5. Eure Aufmerksamkeit konzentriert sich in diesen Tagen auch auf die Rolle der geweihten Personen (Ordensmänner und Ordensfrauen) im Bildungswesen. Die Kirche schuldet den geweihten Personen Dank für die wunderbaren Seiten der Heiligkeit und Hingabe an die Sache der Bildung und Evangelisierung, die sie geschrieben haben, vor allem in den vergangenen zwei Jahrhunderten. Im Nachsynodalen Schreiben Vita consecrata hatte ich Gelegenheit, hervorzuheben, daß sie im Erziehungs- und Bildungswesen unersetzbar sind. Obwohl ich um die Schwierigkeiten vieler Ordensfamilien weiß, erneuere ich heute die Einladung, weiterhin »das radikale Zeugnis der Güter des Reiches …in den Erziehungshorizont einzubringen« (Nr. 96). 

Ein besonderes Merkmal der in den katholischen Schulen tätigen Erziehergemeinschaft ist die Präsenz von geweihten Personen und Laien. Sowohl die einen als auch die anderen können und sollen das Bildungsprojekt durch ihre eigene Erfahrung bereichern. Das geschieht, wenn sie in ihrer geistlichen, kirchlichen und beruflichen Formung die Zielsetzung einer gemeinsamen Sendung anstreben. 

6. Im Bereich der Berufungen ist die Arbeit des Päpstlichen Werks für die kirchlichen Berufe sehr wertvoll, das seit 1941 die Berufungspastoral begleitet und anleitet. Die hauptsächliche Tätigkeit ist in diesem Werk das Gebet entsprechend dem Auftrag Christi: »Bittet also den Herrn der Ernte, Arbeiter für seine Ernte auszusenden« (Mt 9, 38; Lk 10, 2). Dabei ist der Weltgebetstag für die Berufungen, der seit 39 Jahren gefeiert wird, sehr geeignet, um alle christlichen Gemeinschaften in ein einmütiges und eifriges Gebet einzubeziehen, damit es nicht an zahlreichen Priester- und Ordensberufen fehle. 
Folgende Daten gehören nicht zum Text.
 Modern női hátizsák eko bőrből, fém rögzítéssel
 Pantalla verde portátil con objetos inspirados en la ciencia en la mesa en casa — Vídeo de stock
Ich sehe mit Zufriedenheit, daß – der Anregung des obengenannten Päpstlichen Werkes folgend – das Programm für die Feierlichkeiten der kontinentalen Kongresse über die Berufungen zu den geweihten Ämtern und zum geweihten Leben fortgesetzt wird. Nach der nutzbringenden Einbeziehung der diözesanen und regionalen Gemeinschaften findet im Monat April in Montréal der 3. Kongreß für Nordamerika statt nach den beiden erfolgreichen Kongressen für Lateinamerika und für Europa. Es ist ein Ereignis, das die Kirche mit dem Gebet begleiten wird;wozu ich schon in meiner Botschaft zum nächsten Weltgebetstag für die geistlichen Berufe eingeladen habe. Ich vertraue darauf, daß dieses bedeutsame kirchliche Ereignis, das in zeitlicher und örtlicher Nähe zur Feier des Weltjugendtages in Toronto steht, in den Ortskirchen ein neues Engagement zugunsten der Berufungen und einen großherzigen Enthusiasmus unter den Christen der Neuen Welt erwecken möge. 

Setzt euren Dienst fort zur Unterstützung der Berufungspastoral im Geist froher Dankbarkeit gegenüber dem Herrn für das ständige Geschenk der Berufungen zum Priesteramt und zum geweihten Leben, und begegnet mit wirksamer Zuversicht den Gründen der Besorgnis über den Mangel an Berufungen in einigen Teilen der Welt sowie den schweren Anforderungen der Entscheidungsfindung und Ausbildung der Berufenen. 

7. Zum Abschluß danke ich euch für den täglichen Dienst, den ihr als Kongregation für die Kirche auf dem Gebiet der Priesterseminare, der Universitäten und Schulen, mit einem Wort, auf dem weiten Bildungssektor, leistet. Von den Bildungseinrichtungen wird ein grundlegender Beitrag zum Aufbau einer menschlicheren Welt erwartet, die auf den Werten der Gerechtigkeit und der Solidarität gründet. 

Indem ich euch mein besonderes Gebetsgedenken für eure Arbeit während der Vollversammlung zusichere, erbitte ich für euch die Fülle der himmlischen Gnaden und erteile euch als Unterpfand dessen von Herzen einen Segen.